The next day brought the play-off, to be decided over 18 holes. The weather was still poor. Francis had gone to bed at 9.30 the evening before and risen at 8am. After a light breakfast he walked over to the Country Club and hit some balls towards young Eddie. A short while later he, Vardon and Ray drew straws to determine who would have the honour. Francis drew the longest and hit a nervous but straight tee shot down the 430 yard par 4. In the conditions only Ted Ray stood the chance of getting to the green in 2, but pushed his ball into mounds on the right and had to be satisfied with a 5 after a poor chip. Vardon also made 5 and Francis had a short putt to do the same. When it hit the bottom of the cup he said later that he lost all sense of “awe and excitement”.

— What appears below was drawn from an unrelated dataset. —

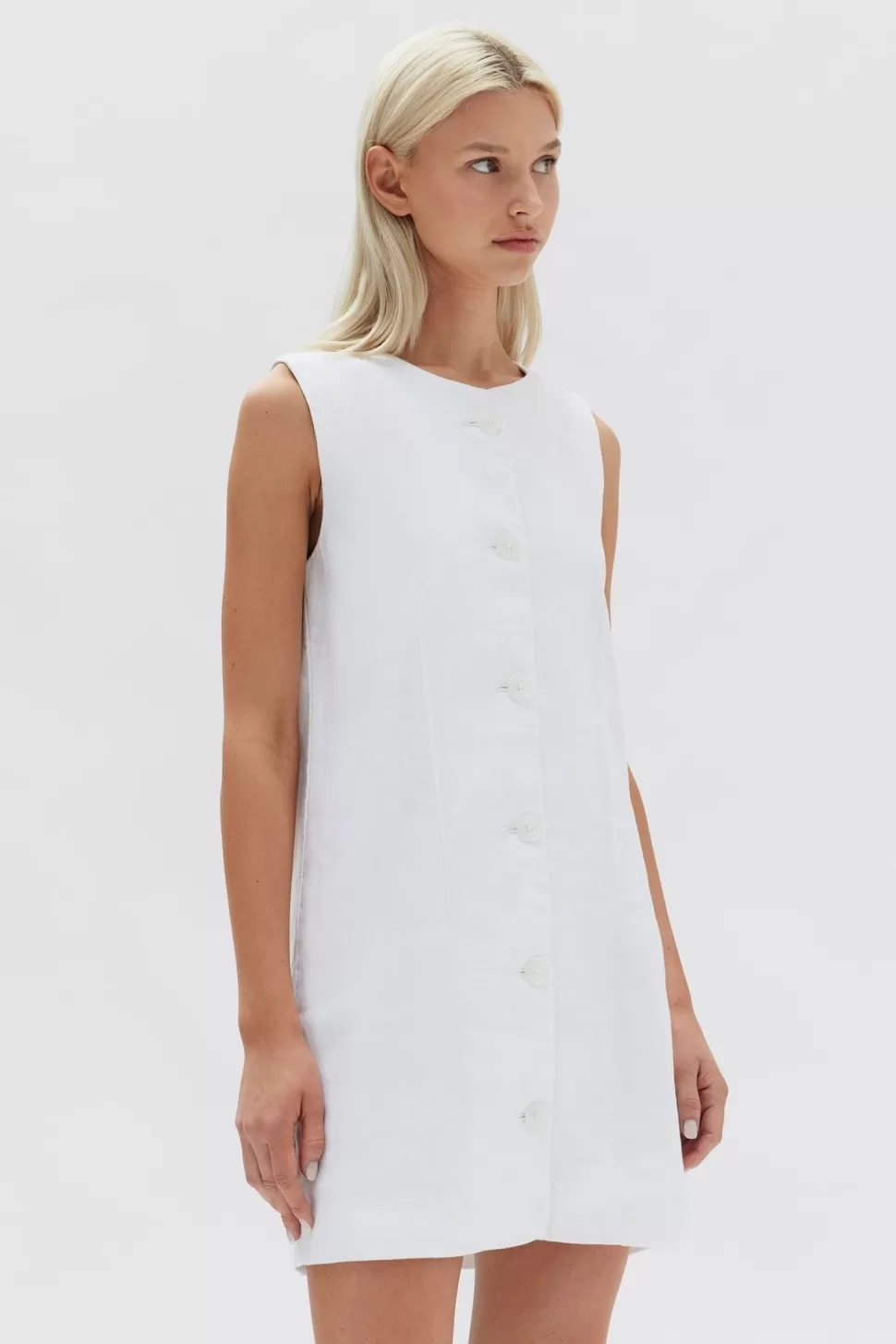 Dresses | Assembly Label Coralie Linen Mini Dress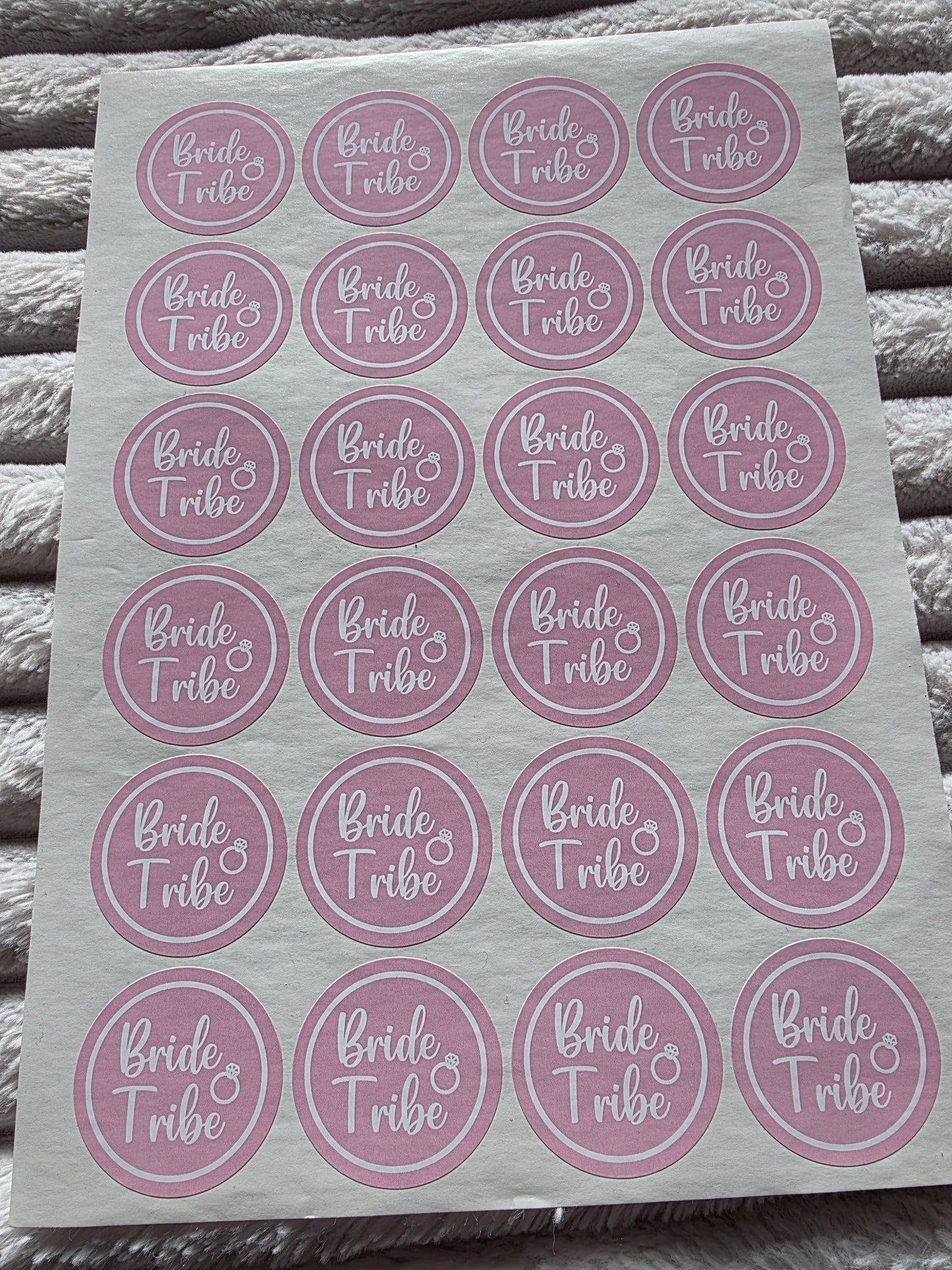 SALE - Bride Tribe Stickers | 45MM | Hen Party Sticker Sheets - Dinky Designs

And this is borne out by the contemporary reporting of the contest. Francis Ouimet remained calm and focused, while his professional opponents wrestled with the demons of intense competition in difficult conditions. By the 15th Ray was fading, even though he had the good fortune to see his ball hit a spectator’s derby hat and ricochet away from the rough towards which it was heading. But instead of capitalising on this slice of luck he found a bunker with his second shot, took 2 to get out, and made 6. Vardon and Ouimet made par 4’s, leaving Vardon 1 shot behind Ouimet with Ray 4 shots adrift. On this hole, Vardon, who normally never smoked on the golf course, lit a cigarette.
On 17 Vardon hooked his drive into a trap and had to play out on to the fairway. His third hit the green. Ouimet took out his mashie and hit his second to 18 feet. Vardon 2 putted. Ouimet rolled his ball into the hole.
So, walking on to the last tee the young pretender held a 3 shot lead. His drive was straight. His second landed on the green. His first putt was weak and left the ball 4 feet short. Even so, 20 year old Francis Ouimet was on the brink of a remarkable victory and only now did he submit to the occasion. He began to shiver. He hesitated within the eerie silence of several thousand people enraptured by history in the making. Francis made his stroke. His ball disappeared into the hole. And the silence came to a tumultuous end.
Francis Ouimet’s US Open victory changed golf. He had taken on the British greats and won, but, more importantly, he had demonstrated to Americans that the game was not the sole province of the elite. Against the social odds of the time he became a great player and a champion who inspired millions to pick up a golf club and the creation of many public courses. The images of this 20 year old striding down fairways with a boy half his age carrying his clubs are the stuff of sporting legend, and a welcome reminder that, sometimes, dreams do come true.